Japońskie decyzje o obniżeniu stopy procentowej praktycznie do zera i wpompowaniu kolejnych 60 mld USD w podtrzymywanie gospodarki w opinii wielu ekonomistów zapowiadają wzrost inflacji. Kurs dolara wobec euro spadł wczoraj o 0,8 proc. i jest najniższy od ponad pół roku. Obie te informacje spowodowały wzmożone zakupy złota, bo w ten sposób inwestorzy szukali ochrony wartości swoich pieniędzy.
W rezultacie na nowojorskim rynku Comex cena grudniowych kontraktów terminowych na złoto wzrosła o 1 proc., do 1329,6 USD za uncję, a na popołudniowym fixingu w Londynie uncja kosztowała 1330,50 USD. Od początku roku złoto zdrożało o 21 proc. i wszystko wskazuje na to, że będzie to już dziesiąty z rzędu rok zwyżki jego ceny.
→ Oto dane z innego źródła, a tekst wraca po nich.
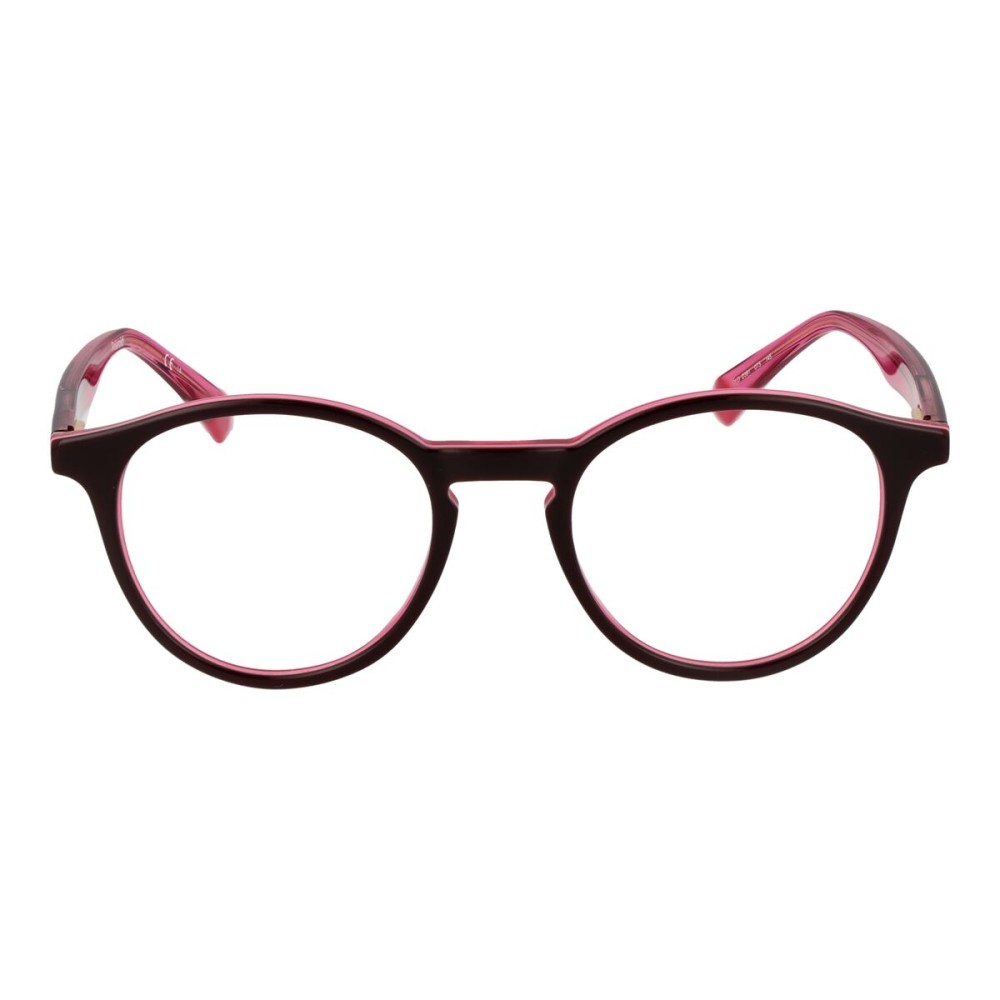 Ramă de Ochelari Unisex Polaroid PLD D391 480T519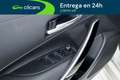 Toyota Corolla Touring Sports 125H Style Gris - thumbnail 18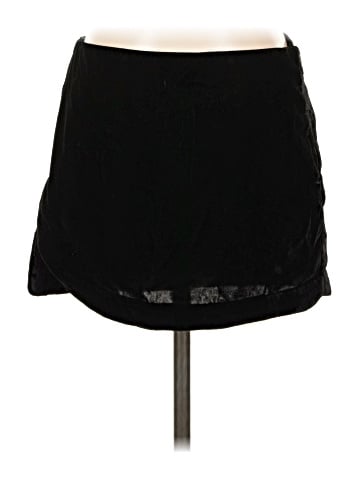 Free People Casual Skirt (view 1)
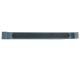 Frigidaire Part# 242054802 Grille/Kickplate (OEM)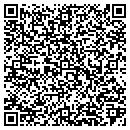 QR code with John R Kersch Cpa contacts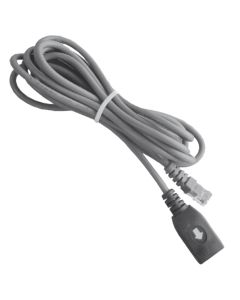 Smart Caregiver RC-02 Replacement SafeTRelesase Cord For Bed Sensor Pads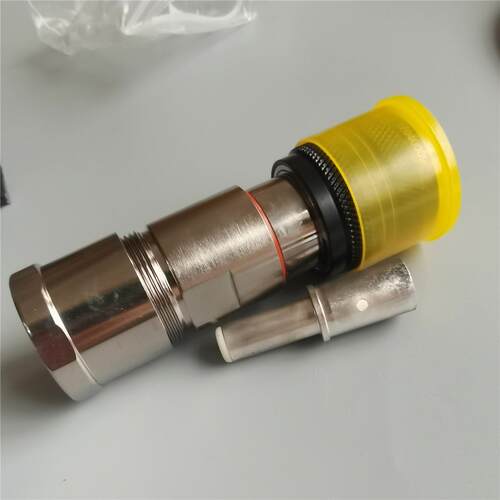 德国劳易测光电传感器50109295 ODSL 96B M/C66-S12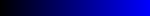 BlacK Blue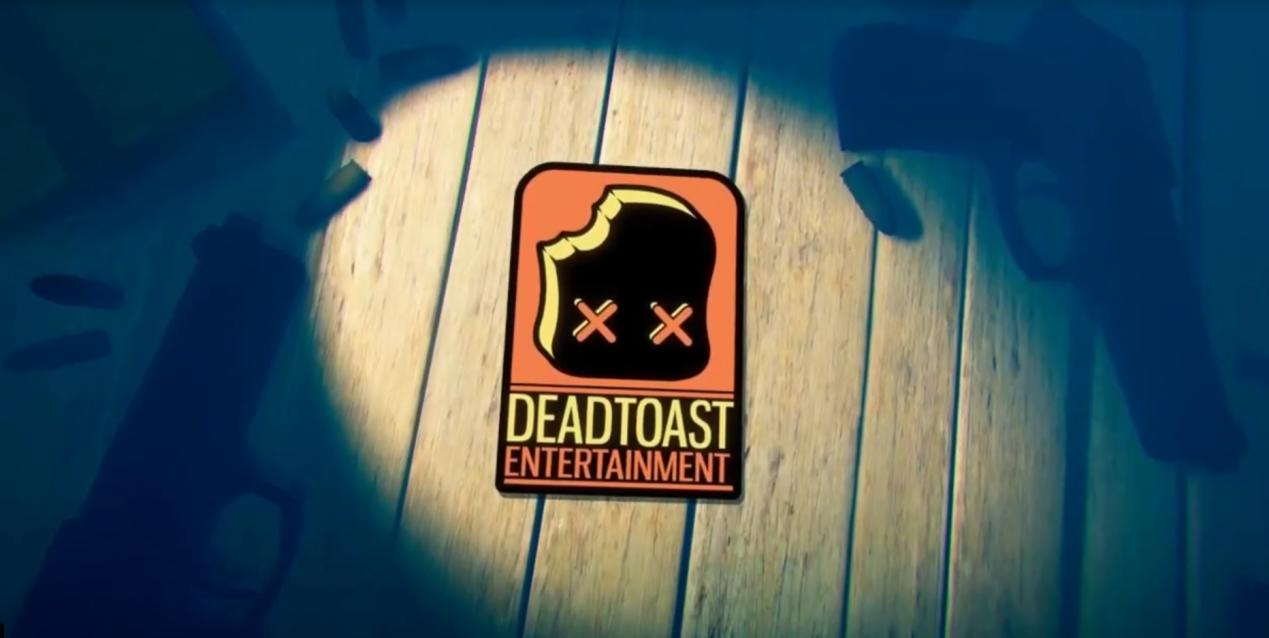 佩德罗和他的朋友沙雕日常,我的朋友佩德罗高能视频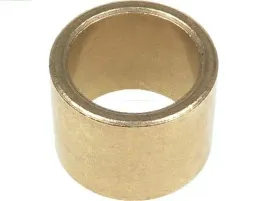 tuleja-wal-rozrusznika-as-pl-sbu9010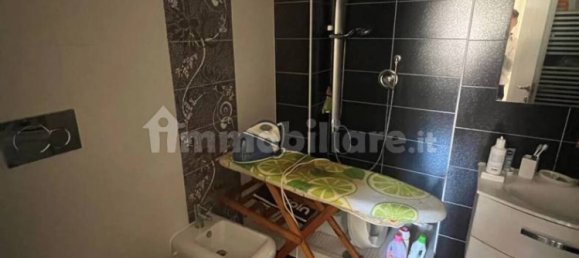 Villa de 5 dormitorios en Anzio, Italy No. 286477 14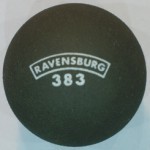 Afficher les détails pour Ravensburg 383 Image de Ravensburg 383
Byłby to zatem najdłuższy wzrostowy okres od co najmniej 1920 r.
Cena złota może osiągnąć 1500 USD do końca roku, a 2500 USD za uncję trzeba będzie płacić za rok i kilka miesięcy – powiedział Peter Hambro, prezes spółki Petropawlowsk, trzeciego w Rosji producenta złota.